◆ Assignment ◆
Although the records contain pictures, print none of them; print exactly the lines from the one with "Wielewska Ostoja Apartament *" through the last line.

◆ Records to use ◆
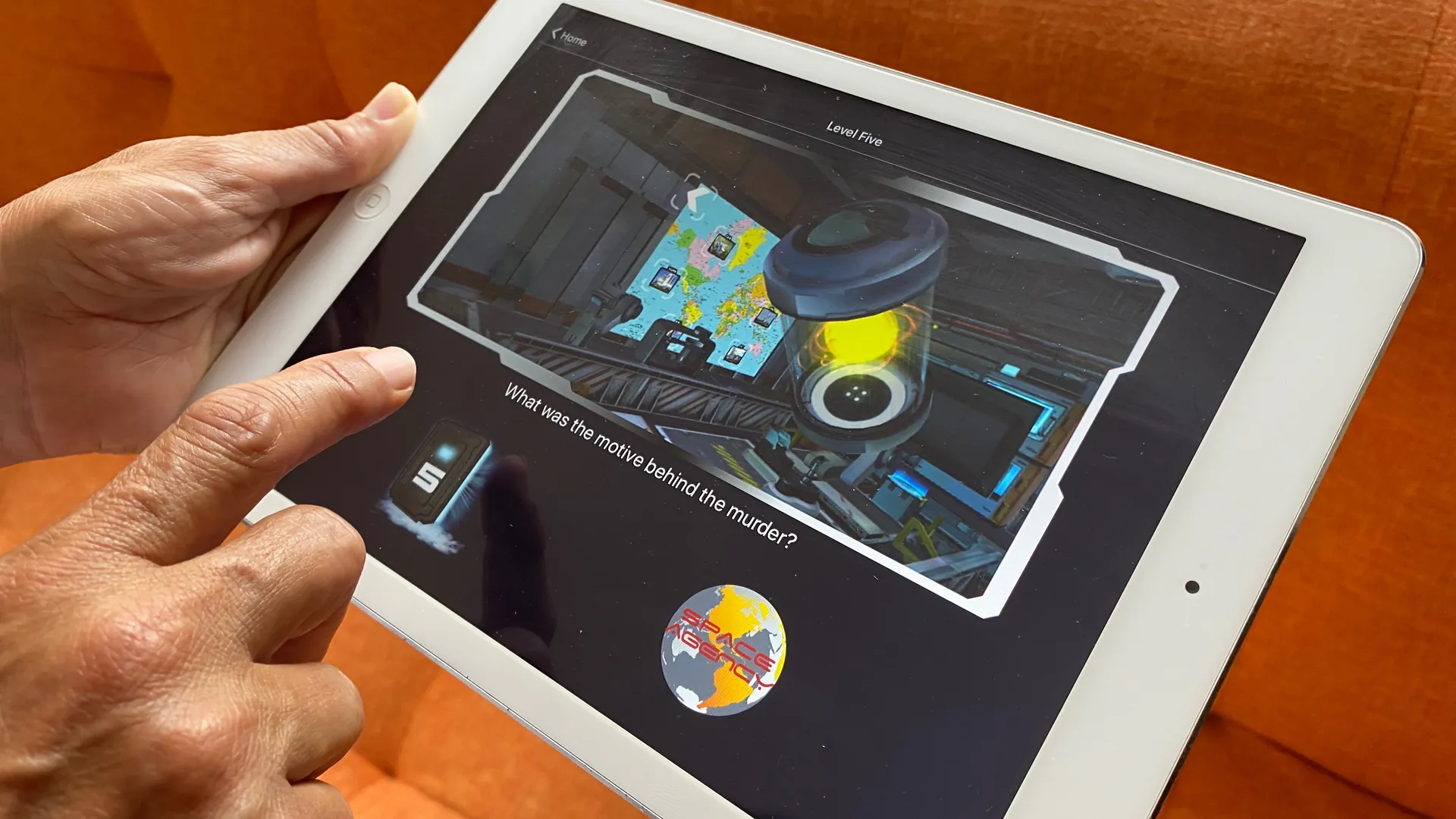 CSI: Space odyssey: team building para empresas en México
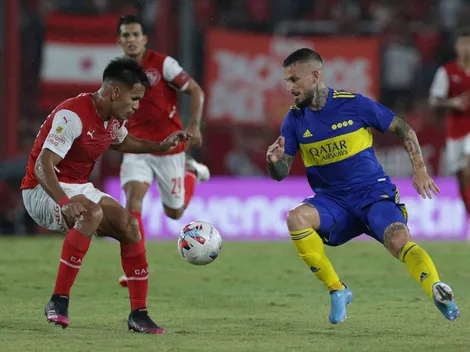 Boca quiere a Barreto: los dos jugadores que pide Independiente y cómo es la deuda del Rojo con el Xeneize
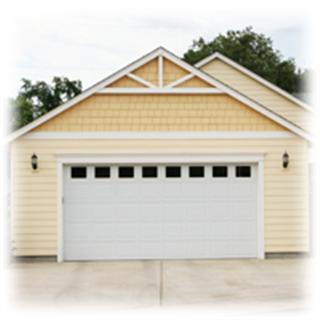 Garage doors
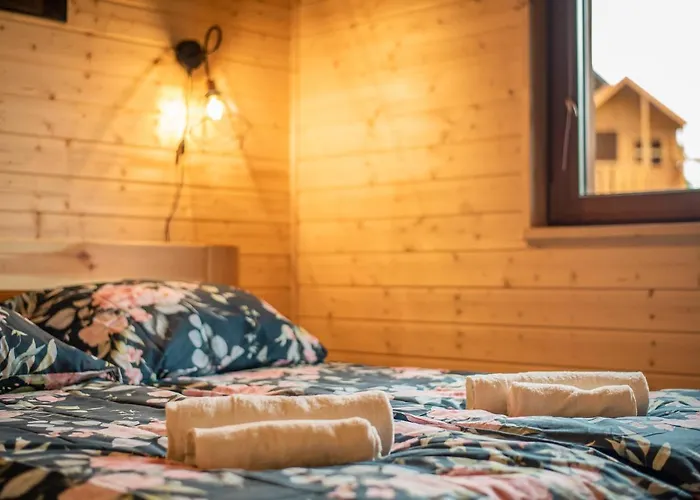 Wielewska Ostoja Apartament *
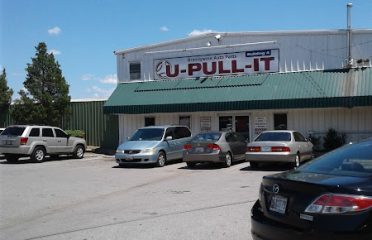 Brandywine U-Pull-It Used auto parts store at 14000 Crain Hwy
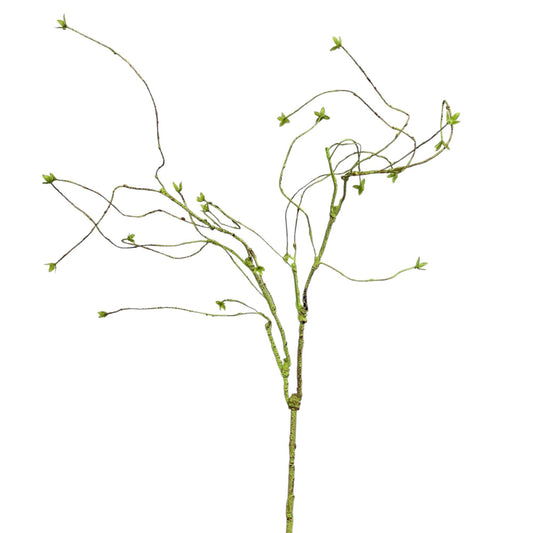 55"Faux Sculptural Branch Stem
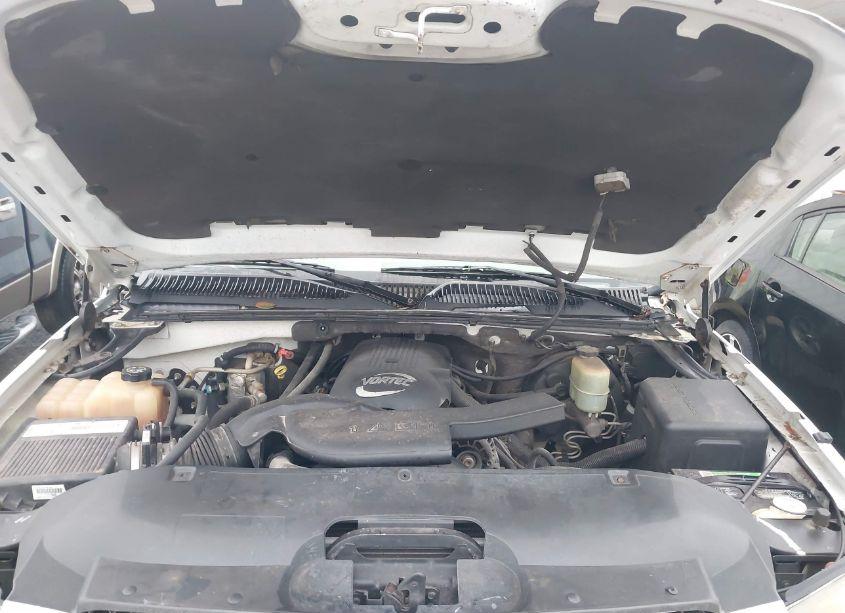 Photo 10 of 2002 Chevrolet Avalanche 1500 (VIN 3GNEC13T62G168594)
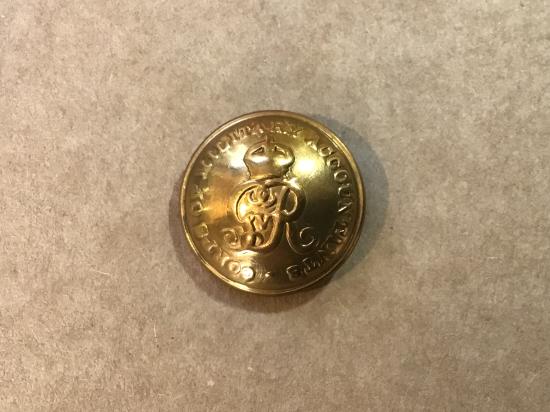 Corps of Military Accountants button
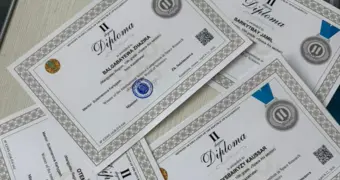 Школьники из Мангистау стали призёрами международного конкурса научных проектов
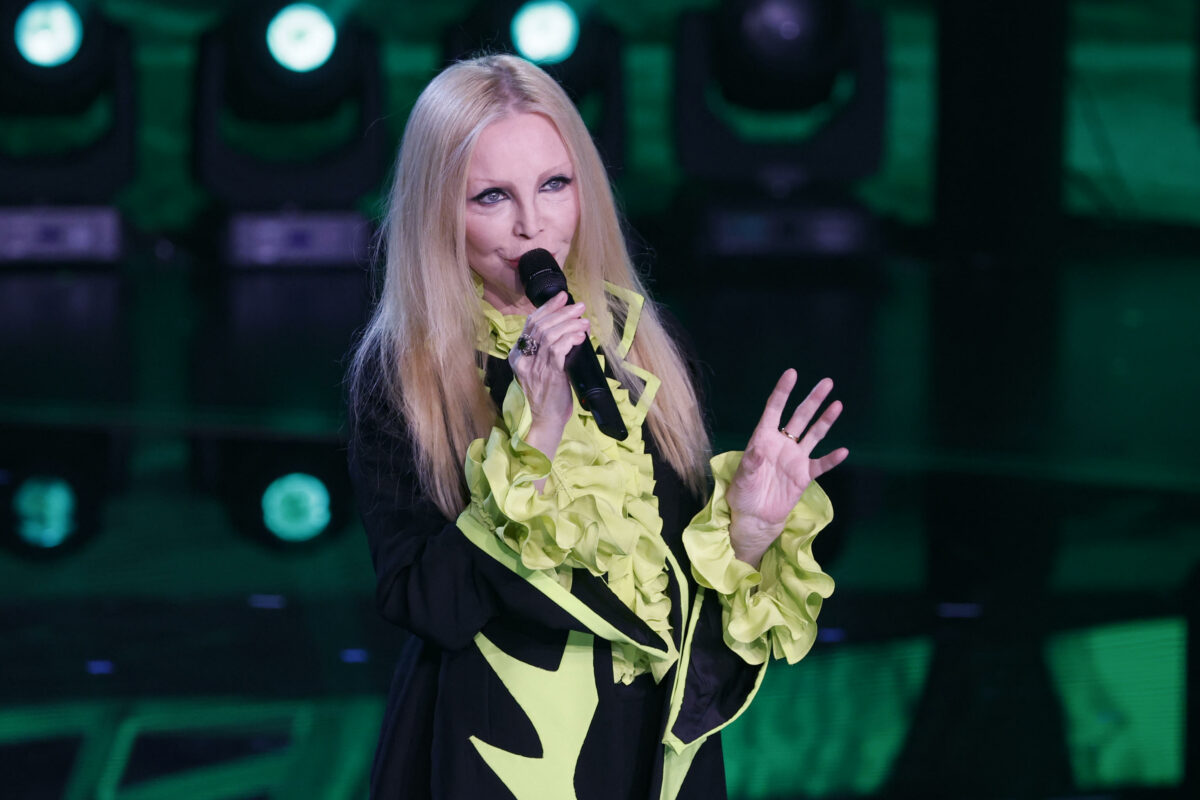 Chi scrive le canzoni di Patty Pravo? Gli autori più famosi dei suoi brani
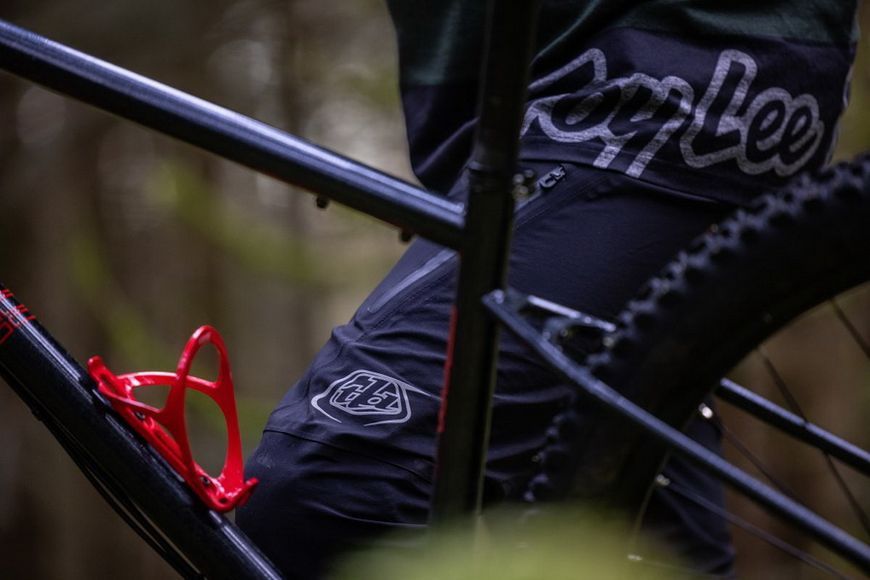 ВелоШтани TLD Resist Pant [Black] Розмір XXL (38) 211785006 фото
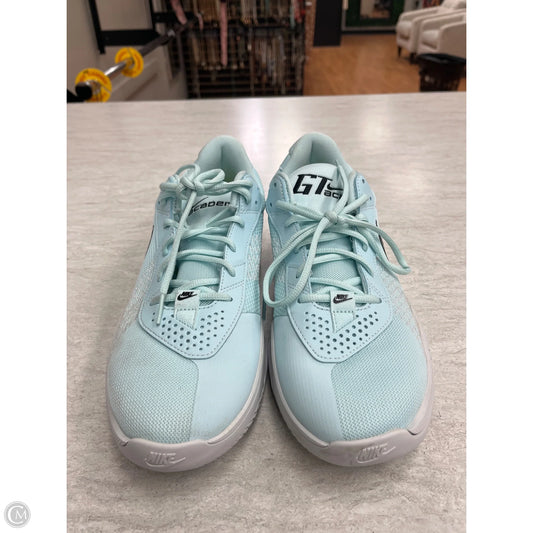 Shoes Athletic By Nike In Blue, Size: 11.5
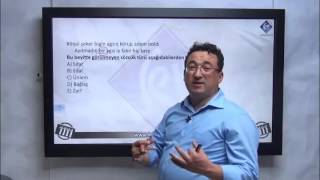 Türk Dilleri Çağatayca Soru 15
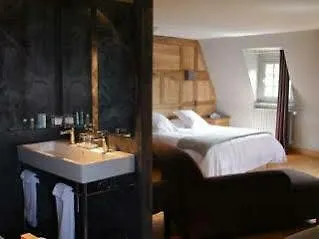 La Chaumière Hotel Honfleur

◆ Solved problem ◆
 Wielewska Ostoja Apartament *
 Brandywine U-Pull-It Used auto parts store at 14000 Crain Hwy
 55"Faux Sculptural Branch Stem
 Photo 10 of 2002 Chevrolet Avalanche 1500 (VIN 3GNEC13T62G168594)
 Corps of Military Accountants button
 Школьники из Мангистау стали призёрами международного конкурса научных проектов
 Chi scrive le canzoni di Patty Pravo? Gli autori più famosi dei suoi brani
 ВелоШтани TLD Resist Pant [Black] Розмір XXL (38) 211785006 фото
 Shoes Athletic By Nike In Blue, Size: 11.5
 Türk Dilleri Çağatayca Soru 15
 La Chaumière Hotel Honfleur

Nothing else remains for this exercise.